July 5, 2001
In China Labor Camp, Deaths Are Disputed
By CRAIG S. SMITH
HANGHAI, July 4 — Chinese officials today confirmed reports that followers of the banned spiritual movement Falun Gong had died in a northeastern Chinese labor camp, but information about the circumstances remained contradictory. The government said the followers died in a mass suicide, while Falun Gong members in the United States insisted they were tortured to death.
The Associated Press Followers of Falun Gong conducting exercises Wednesday outside the office of Beijing's representative in Hong Kong. The sect says that followers who died in a labor camp in China were tortured.
A judicial official in northeastern Heilongjiang Province, Lan Jingli, told The Associated Press that 14 followers hanged themselves from bunk beds with strips of sheeting at the province's Wanjia labor camp before dawn on June 20. The 14 women who died were among 25 followers who staged the mass suicide during a five-minute interval between checks by camp guards, he said. He said the guards discovered the suicides in time to save 11.
"One minute is enough to kill," Mr. Lan said, adding that Beijing had ordered that jailed Falun Gong followers now be kept under constant watch. He suggested that Falun Gong followers who continue to disseminate messages in China from the group's United States-based founder, Li Hongzhi, may be partly responsible for the deaths. "Those organizations are using all possible channels to pass on the so-called `instructions' to the practitioners in the reform camp in order to make them believe that going to heaven after their death is the highest level of practicing," Mr. Lan said.

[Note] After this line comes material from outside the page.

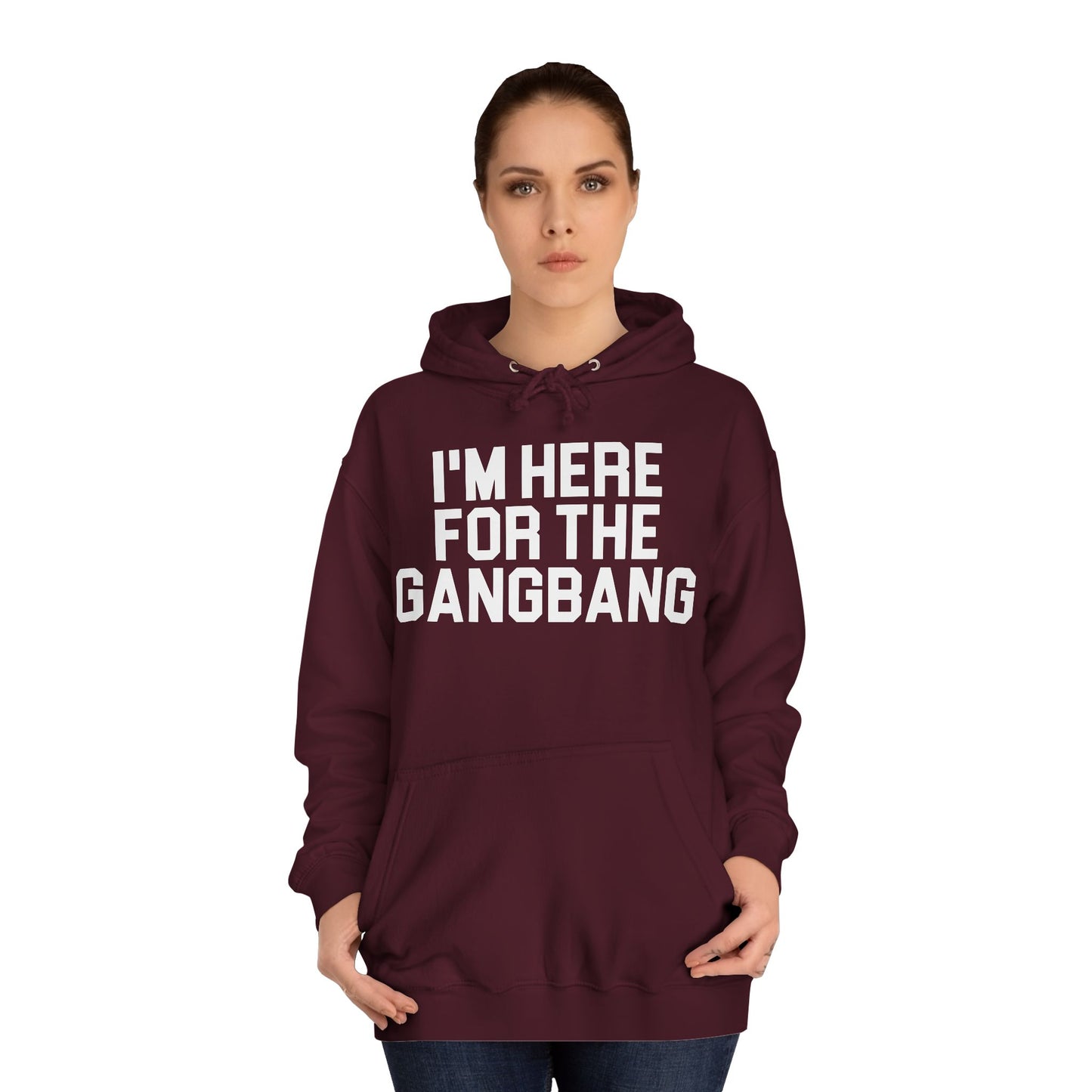 I'm Here For The GangBang Hooded Sweatshirt Hoodie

Three days after the deaths and after reports of beatings had been posted on the sect's Web site (www.clearwisdom.net), Mr. Li wrote that even if a follower "casts off his human skin during the persecution, what awaits him is still Consummation," the goal of all followers.

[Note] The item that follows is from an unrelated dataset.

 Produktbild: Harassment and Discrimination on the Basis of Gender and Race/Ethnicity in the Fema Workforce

A spokesman for the central government's State Council Information Office, meanwhile, told the news agency that three women died and eight were rescued, and that the suicides took place on June 21, not June 20. Officials at the labor camp could not be reached for comment.
The incident was first reported by the Hong Kong-based Information Center for Human Rights and Democracy, which said at least 10 Falun Gong followers had died among 16 who attempted suicide. The group cited a family member of one of the 16 who said the suicides were to protest an extension of the followers' sentences by up to six months to punish them for a hunger strike. Falun Gong followers in the United States said suicide violates Mr. Li's teachings and continued to say that 15 women died at the camp from torture.